#### Data shown:
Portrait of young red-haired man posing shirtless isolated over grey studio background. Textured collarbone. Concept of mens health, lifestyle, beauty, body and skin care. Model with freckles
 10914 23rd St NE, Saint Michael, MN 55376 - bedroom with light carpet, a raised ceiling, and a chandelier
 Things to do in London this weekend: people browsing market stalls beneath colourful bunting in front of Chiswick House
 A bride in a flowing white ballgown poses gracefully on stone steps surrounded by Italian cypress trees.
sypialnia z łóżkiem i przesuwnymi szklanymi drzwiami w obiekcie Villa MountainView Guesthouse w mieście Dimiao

--

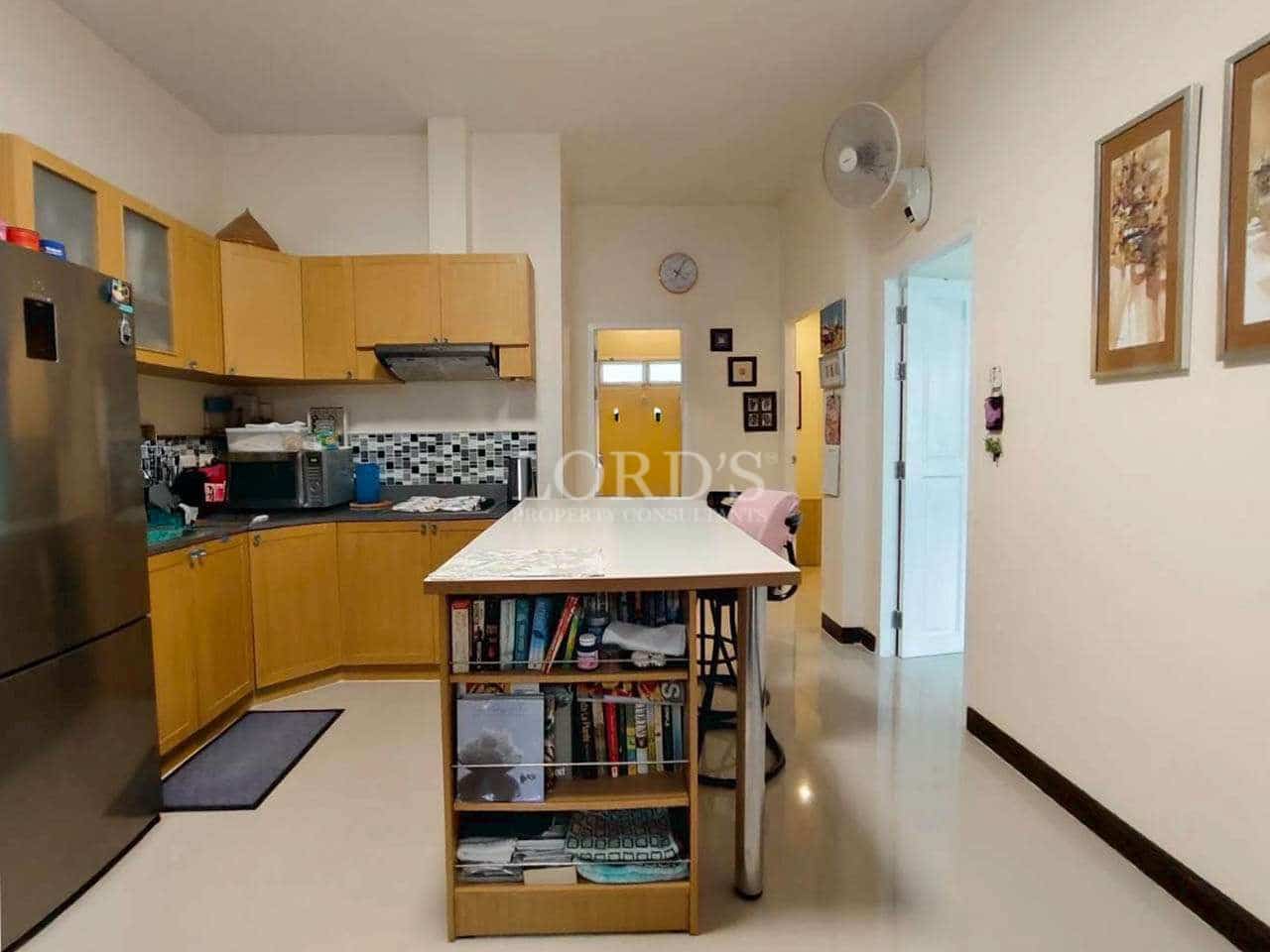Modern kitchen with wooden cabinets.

#### Required work:
Reproduce the lines above, beginning at the line with "Things to do" and stopping after the line with "sypialnia z łóżkiem", exactly as they are.

#### Expected answer:
 Things to do in London this weekend: people browsing market stalls beneath colourful bunting in front of Chiswick House
 A bride in a flowing white ballgown poses gracefully on stone steps surrounded by Italian cypress trees.
sypialnia z łóżkiem i przesuwnymi szklanymi drzwiami w obiekcie Villa MountainView Guesthouse w mieście Dimiao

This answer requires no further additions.